**Assignment**: Exactly as they appear, print the line with "Brave Chief, 1832 by George Catlin" and each line after it through the end of the entries below; leave out pictures.

**Data for review**:

+++

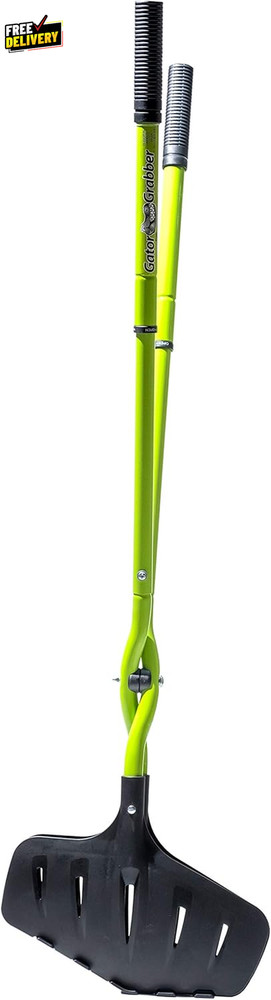 Earthwise 50002 Gator Grabber Telescoping Leaf Clean-Up Tool Green/Black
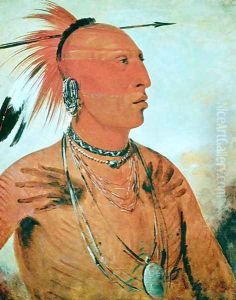 Brave Chief, 1832 by George Catlin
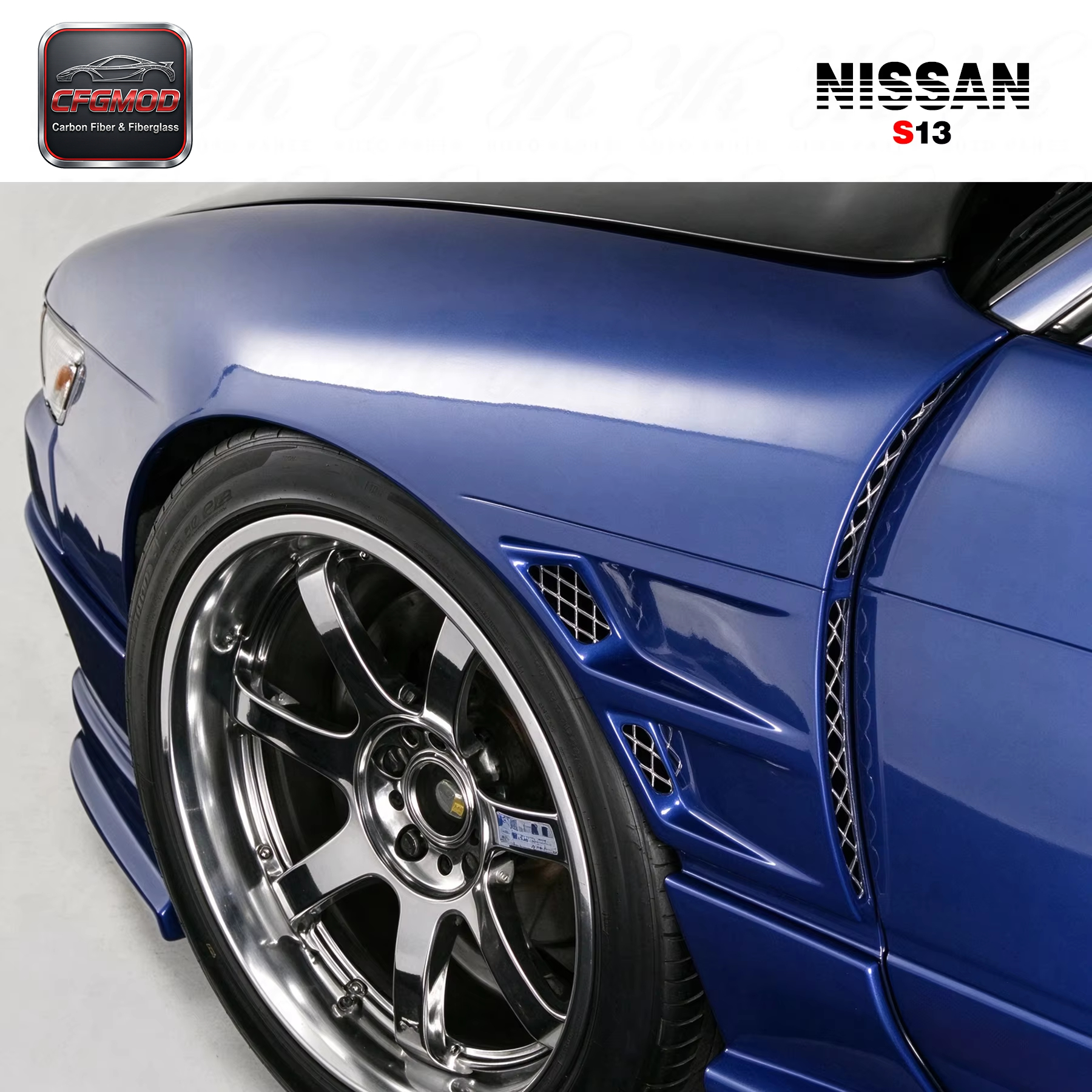 1989-1994 S13 Silvia PS13 DMAX-Sports Style +30mm Front Fender — 1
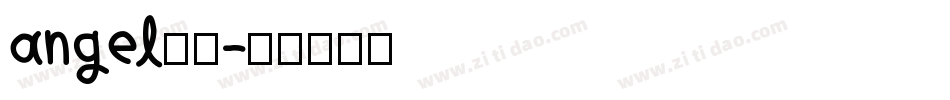 angel字体字体转换
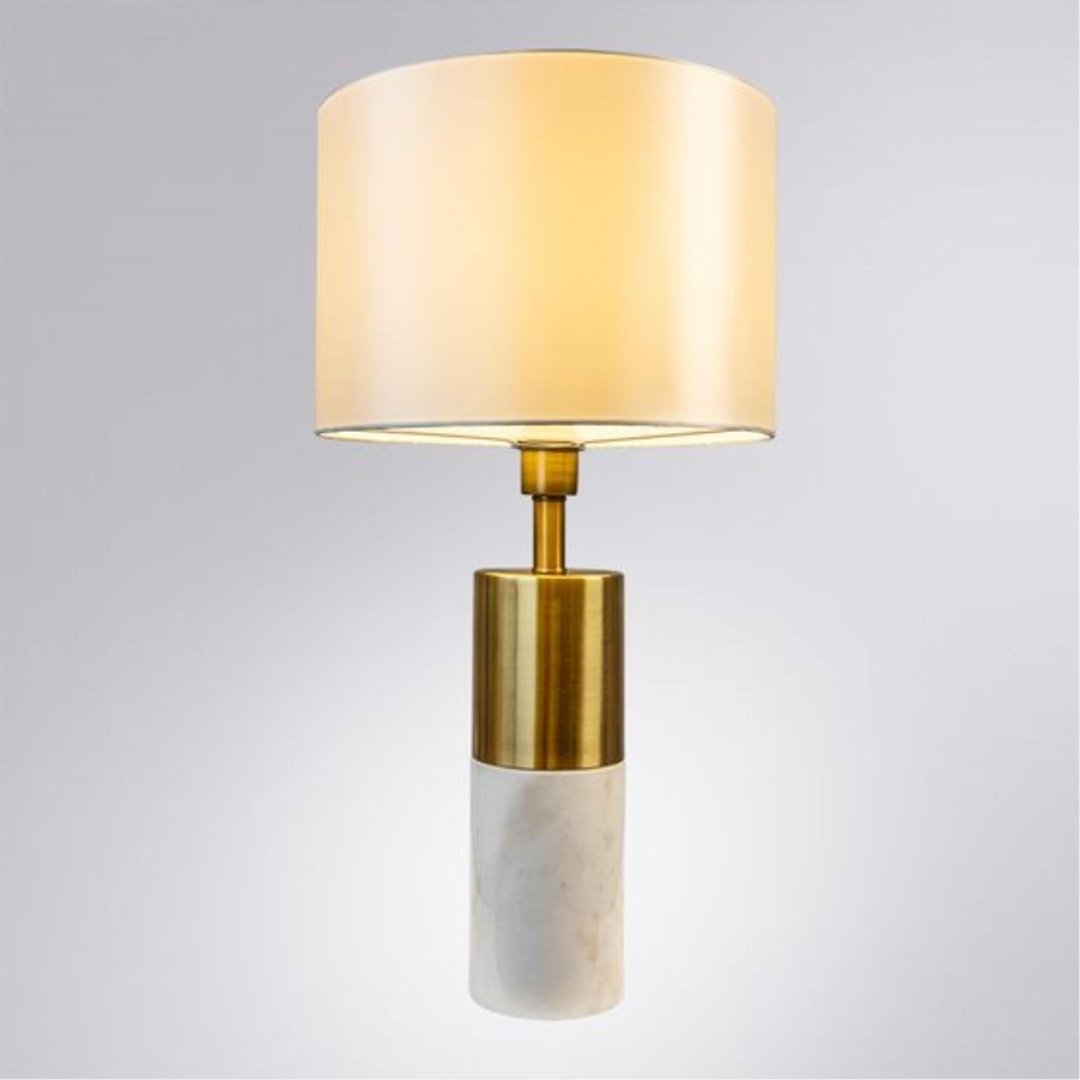 Настольная лампа Arte Lamp TIANYI A5054LT-1PB E27, 60 Вт, металл, мрамор, ткань купить,NaN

+++

**Answer for the task**:
 Brave Chief, 1832 by George Catlin
 1989-1994 S13 Silvia PS13 DMAX-Sports Style +30mm Front Fender — 1
 angel字体字体转换
 Настольная лампа Arte Lamp TIANYI A5054LT-1PB E27, 60 Вт, металл, мрамор, ткань купить,NaN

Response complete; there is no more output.